Records provided:

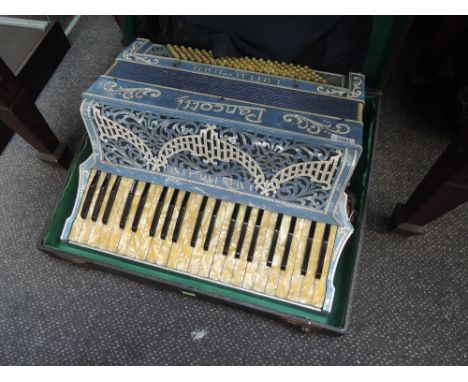 A Pancotti accordion , in fitted case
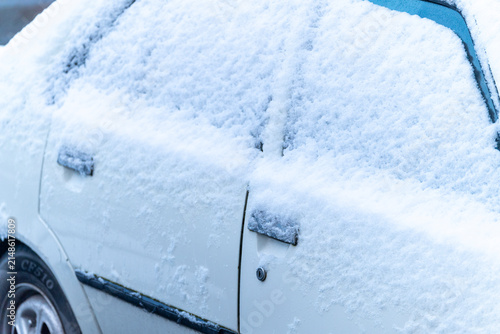 Obraz na plátne Close up of a white car covered in fresh cold snow The Concept of freezing winte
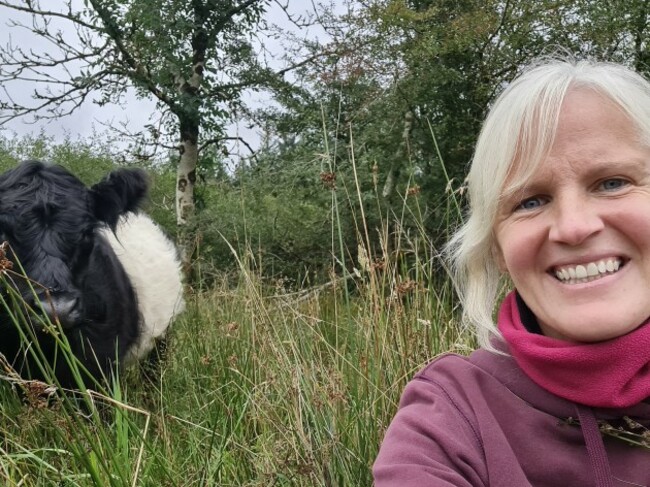 Farmer Nia O'Malley sitting on ground on her farm in Co Galway with her cows in the background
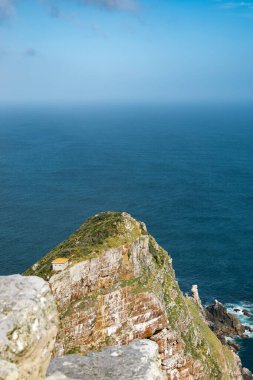 Ümit Burnu uçurumu, Güney Afrika 'daki mavi Atlantik Okyanusu kıyısında küçük beyaz bir ev. Seyahat ve turizm için kıyı manzarası.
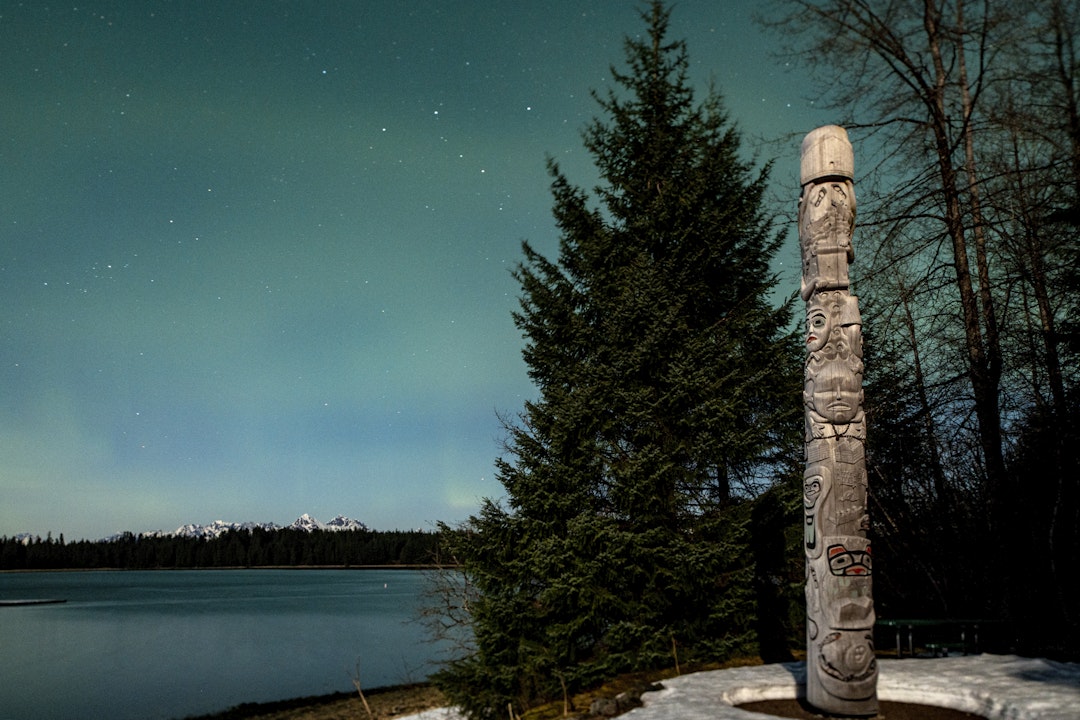 Against the backdrop of the northern lights and pine trees stands a tall cedar totem pole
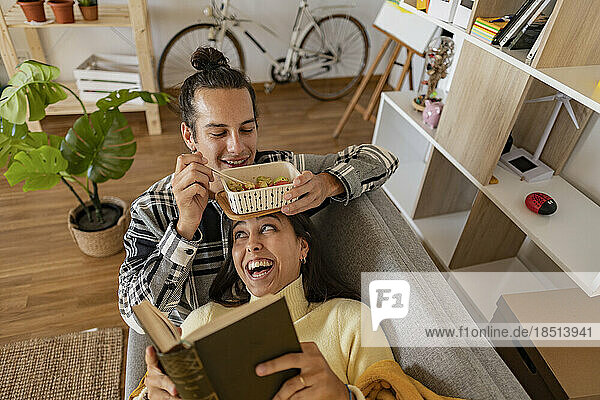 Smiling man eating snack with girlfriend reading book lying on sofa at home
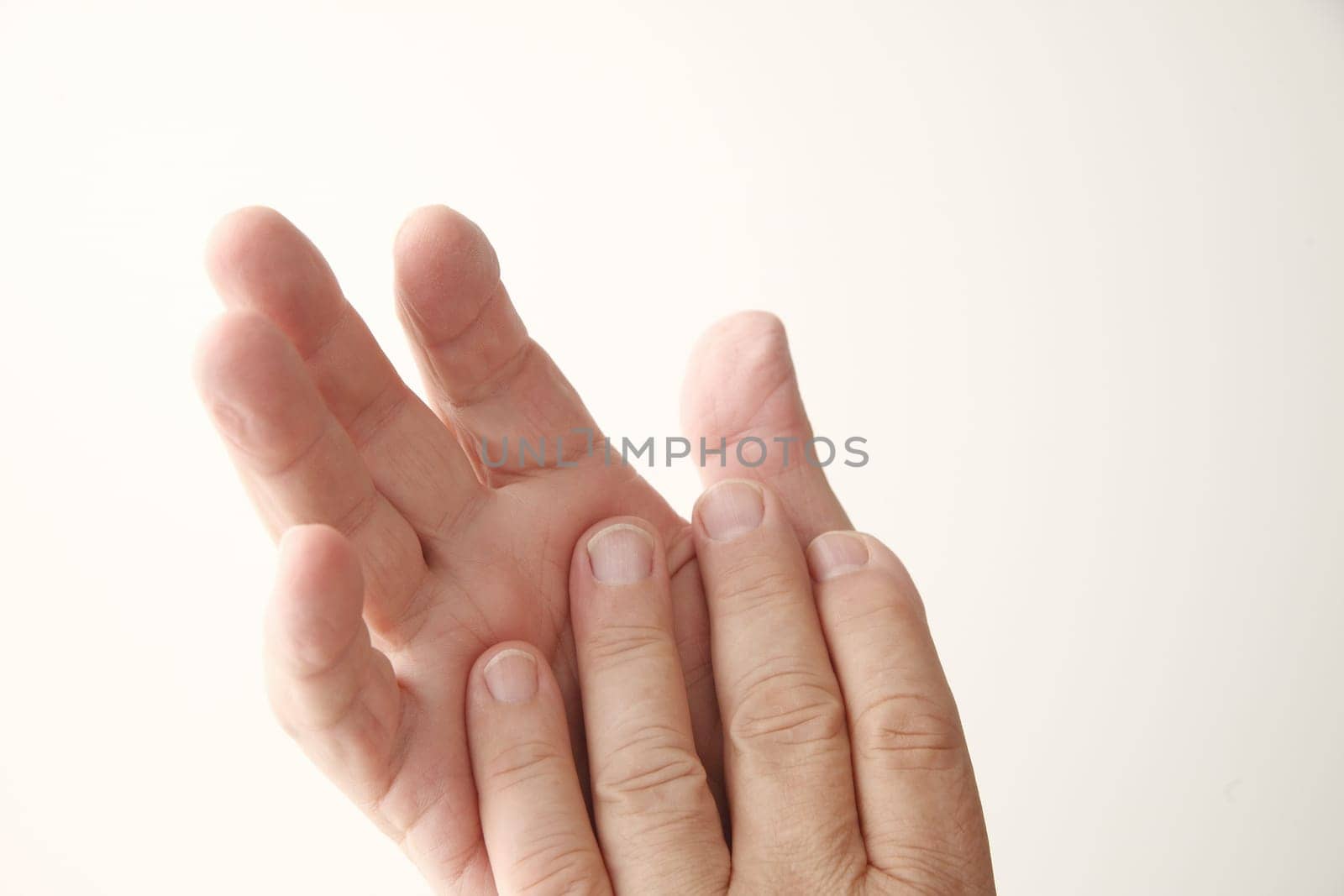 closeup of a 70-year old man's hands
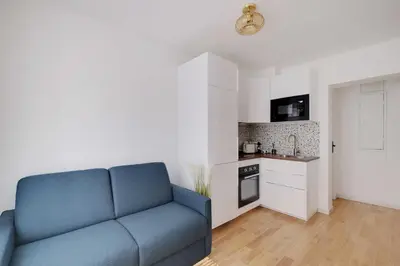 Cuisine ou kitchenette dans l'établissement Charming apartment 1BR 3P - Oberkampf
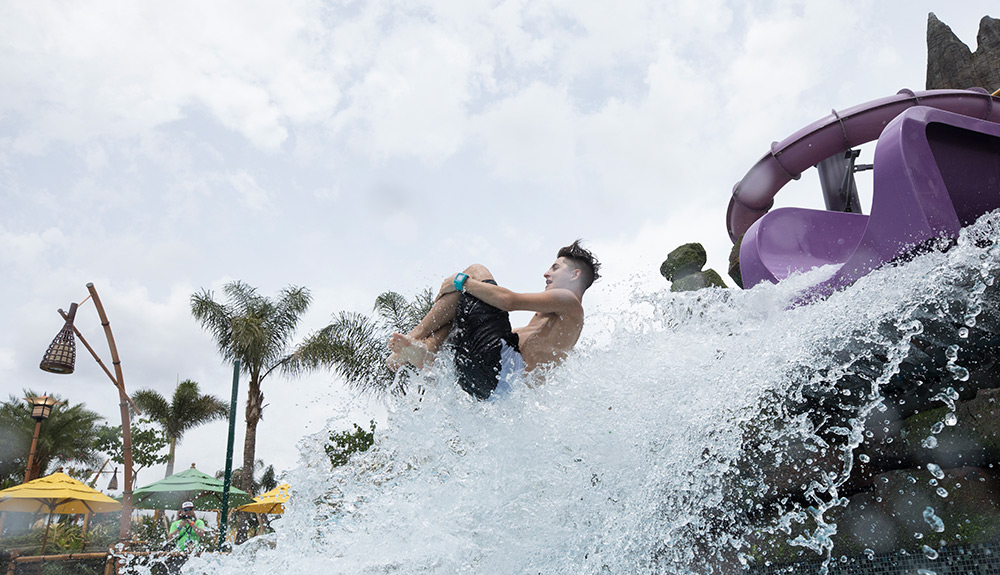 A man in swim trunks comes shooting out of a purple slide at Universal Orlando Resort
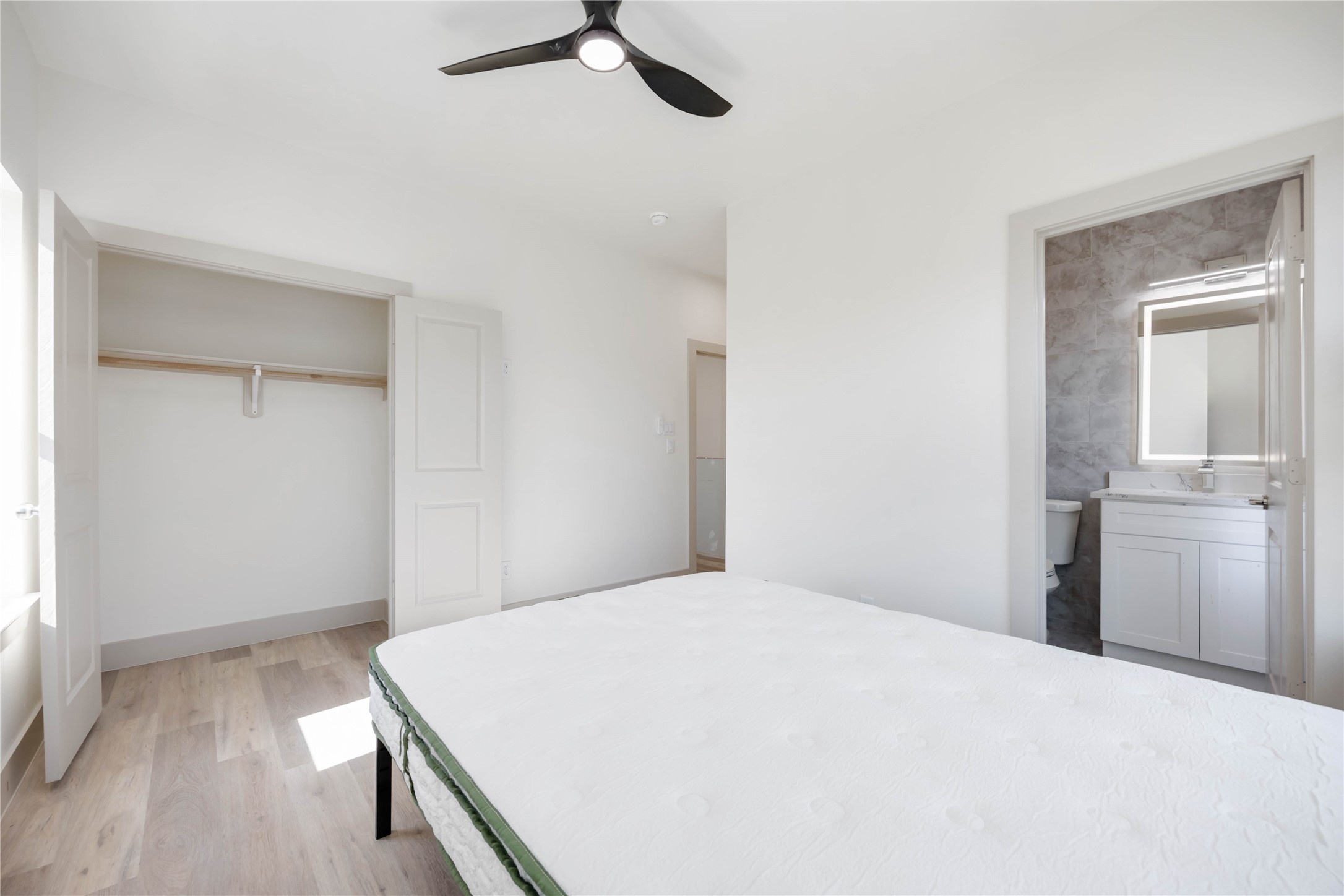 3206 Retta Street Houston, TX 77026 - Photo 16 of 19 a bedroom with a bed and cabinets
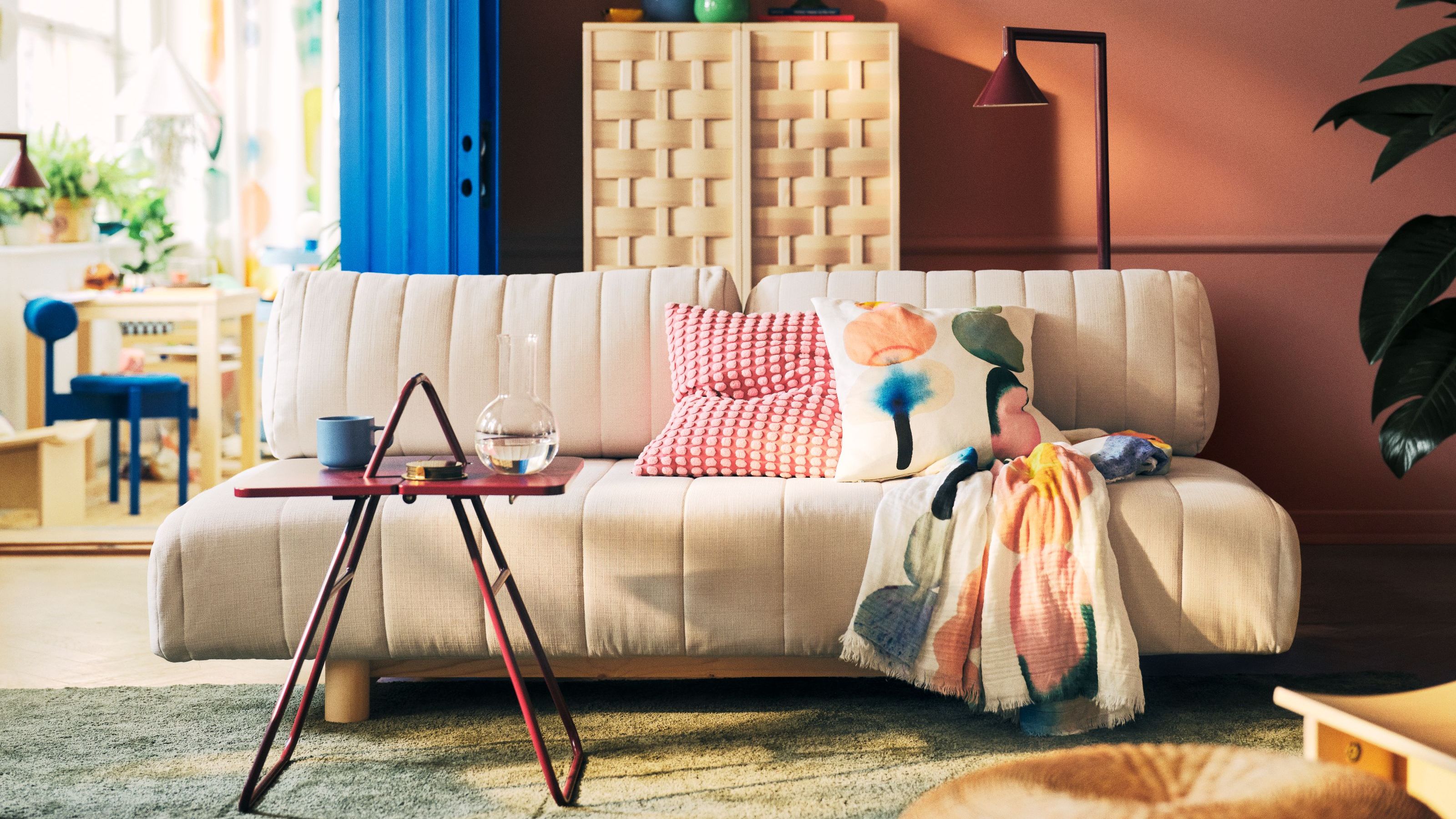 A cream sofa bed in an orange living room with two colorful cushions and a throw with a red side table in front of it with a water jug and cup and a woven wooden cabinet behind it next to a blue door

Exercise goal: An exact copy is needed of the lines running from the one containing "closeup of a 70-year old man's hands" through the last line of the material, and of no others; pictures stay out.

Reply to the task:
 closeup of a 70-year old man's hands
 Cuisine ou kitchenette dans l'établissement Charming apartment 1BR 3P - Oberkampf
 A man in swim trunks comes shooting out of a purple slide at Universal Orlando Resort
 3206 Retta Street Houston, TX 77026 - Photo 16 of 19 a bedroom with a bed and cabinets
 A cream sofa bed in an orange living room with two colorful cushions and a throw with a red side table in front of it with a water jug and cup and a woven wooden cabinet behind it next to a blue door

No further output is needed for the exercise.